Objectives To determine whether sharing of routinely collected health service performance data could have predicted a critical safety failure at an Australian maternity service.

Design Observational quantitative descriptive study.

Setting A public hospital maternity service in Victoria, Australia.

Data sources A public health service; the Victorian state health quality and safety office—Safer Care Victoria; the Health Complaints Commission; Victorian Managed Insurance Authority; Consultative Council on Obstetric and Paediatric Mortality and Morbidity; Paediatric Infant Perinatal Emergency Retrieval; Australian Health Practitioner Regulation Agency.

Main outcome measures Numbers and rates for events (activity, deaths, complaints, litigation, practitioner notifications). Correlation coefficients.

Results Between 2000 and 2014 annual birth numbers at the index hospital more than doubled with no change in bed capacity, to be significantly busier than similar services as determined using an independent samples t-test (p<0.001).

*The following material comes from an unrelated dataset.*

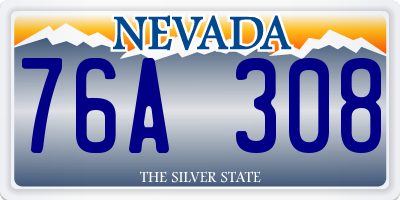 NV license plate 76A308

There were 36 newborn deaths, 11 of which were considered avoidable. Pearson correlations revealed a weak but significant relationship between number of births per birth suite room birth and perinatal mortality (r2=0.18, p=0.003). Independent samples t-tests demonstrated that the rates of emergency neonatal and perinatal transfer were both significantly lower than similar services (both p<0.001). Direct-to-service patient complaints increased ahead of recognised excess perinatal mortality.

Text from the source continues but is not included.